Crawling on the ground in pain, desperately gripping grass with a close up shot on “Palmer 9” on his back, our quarterback was down. Responsibly, CBS showed the replay from the sideline and it showed a Steeler falling into Palmer’s leg and knocking him down. Then they showed the back angle. From behind, you could see former Bengal Kimo Von Oelhoffen dive at the side of Carson’s knee and bend in a way that it was clear that he may not get up. After a few minutes, a cart arrived on the field to take Carson to the locker room.
As if matters couldn’t have been worse at this point, Chris Henry completed the 66 yard play but also sustained a knee injury on the tackle which removed him from the game. Forced to rely on backup Jon Kitna who had already mentored and been usurped by Palmer, tanks of hope fueling the spirit of Bengals fans everywhere had already been emptied. I don’t even remember what happened after that. Second play on offense. It resulted in a torn ACL for Palmer and the Steelers won the game 31–17 and went on to beat the Seahawks 21–10 in Super Bowl XL.

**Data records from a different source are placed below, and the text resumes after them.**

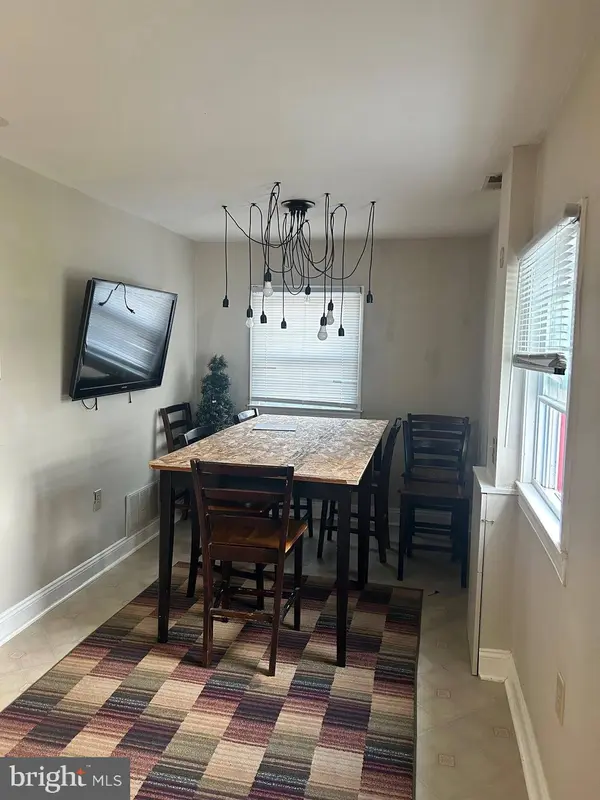 17 BARLOW AVE, Gloucester City, NJ 08030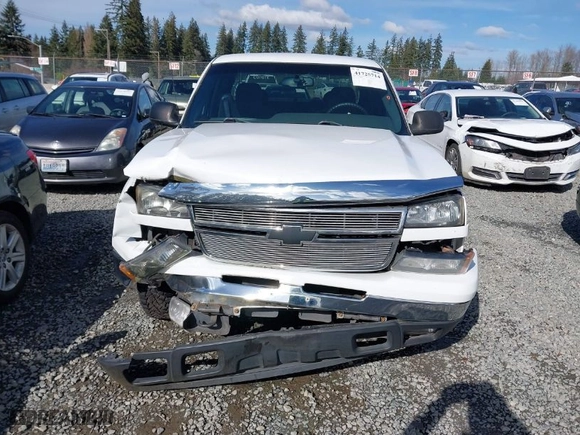 2007 Chevrolet Silverado 1500 Classic LT1 with VIN 1GCEC19V57Z170099, listed as a IAAI auction lot 41725714 with 131,734 mi miles. Bid and sale history available at carsss.com. Image 12.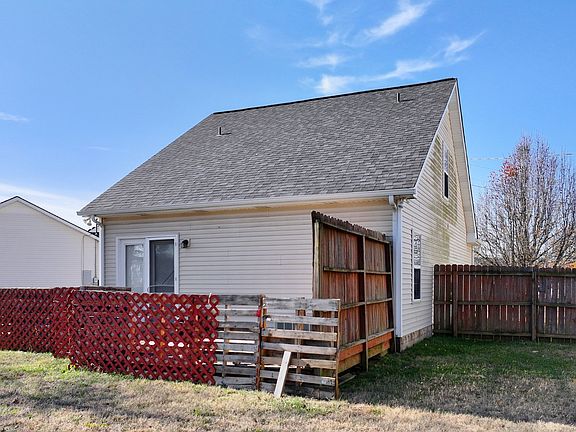 5th image of 1150 Nahanee Ct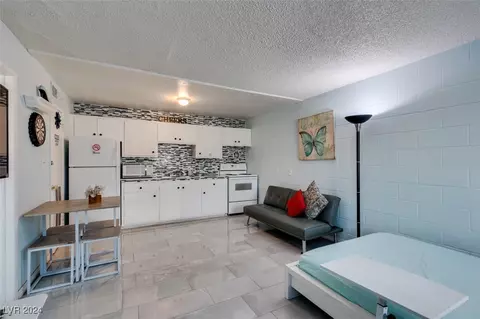 3726 Hazelwood St #2, Las Vegas, NV 89119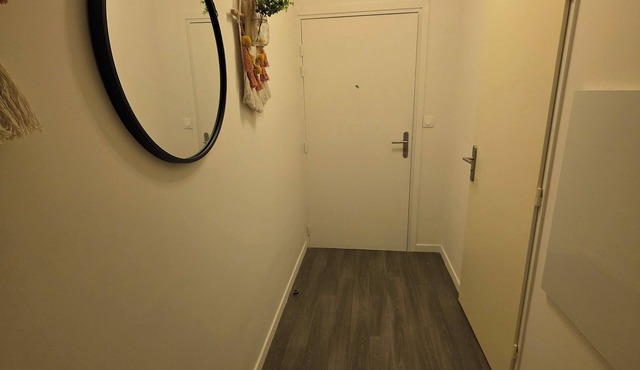 Escale Zen & Loggia: 5 min from the train station (Direct Paris) + Parking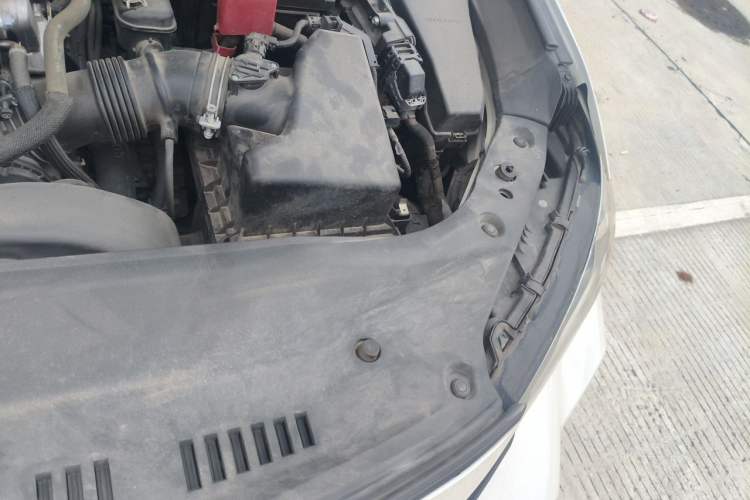 Used Toyota Avalon 2019 2.0L Luxury Edition China VI Standard Engine Bay Left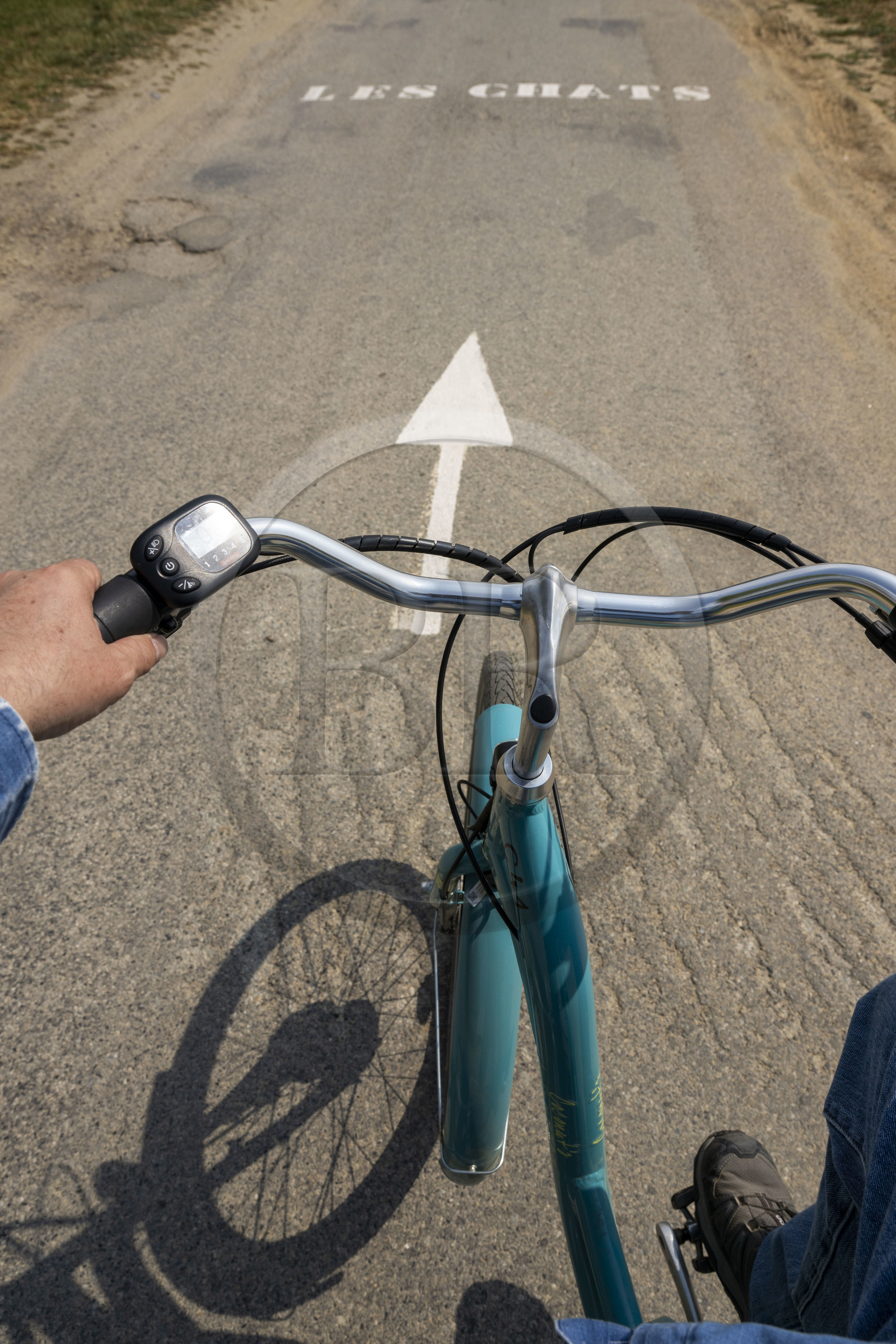 France, Morbihan (56), Ile de Groix, Locmaria, signalisation au sol en direction de la Pointe des Chats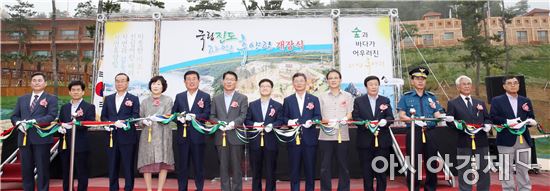 푸른 숲과 바다가 어울어진 국립진도자연휴양림 개장식이 11일 오후 진도군 임회면 굴포리에서 열린 가운데 김갑섭 전라남도지사 권한대행(왼쪽 여덟 번째), 신원섭 산림청장(왼쪽 일곱 번째), 김인중 농림축산식품부 창조농식품정책관(왼쪽 여섯 번째), 이동진 진도군수(왼쪽 다섯 번째), 정영덕 국립휴양림관리소장 등 참석자들이 테이프를 자르고 있다. 사진제공=전남도
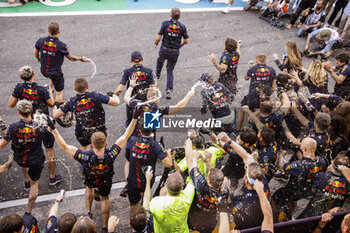 2023-06-04 - Red Bull Racing celebrations VERSTAPPEN Max (ned), Red Bull Racing RB19, portrait HORNER Christian (gbr), Team Principal of Red Bull Racing, portrait NEWEY Adrian (gbr), Chief Technical Officer of Red Bull Racing, portrait during the Formula 1 AWS Gran Premio de Espana 2023, 7th round of the 2023 Formula One World Championship from June 2 to 4, 2023 on the Circuit de Barcelona-Catalunya, in Montmelo, Spain - F1 - SPANISH GRAND PRIX 2023 - RACE - FORMULA 1 - MOTORS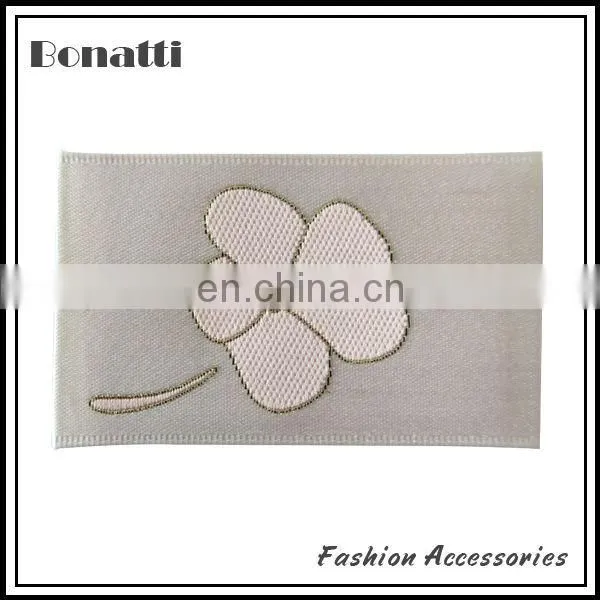custom woven label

Whether the play was dirty or not will be debated amongst Bengals and Steelers fans for years but either way, it was merely more fuel to the fire of hatred towards the Steelers. It didn’t help that they went on to win it all.
We now know that the Bengals and Steelers will match up this weekend again in Cincinnati for an AFC Wild Card game. The Bengals have evened the score during the regular season of late but while us fans recall the last playoff meeting as a nightmare we’d rather forget, the players don’t. There are no players still on the roster that played on that team. In fact, unless they’ve been around longer than 5 years, all they know is the Bengals making the playoffs. Hopefully that’s enough to get them over the playoff hump because I can’t handle another devastating loss to the Steelers and I’m not sure Marvin Lewis and Andy Dalton’s reputations can either.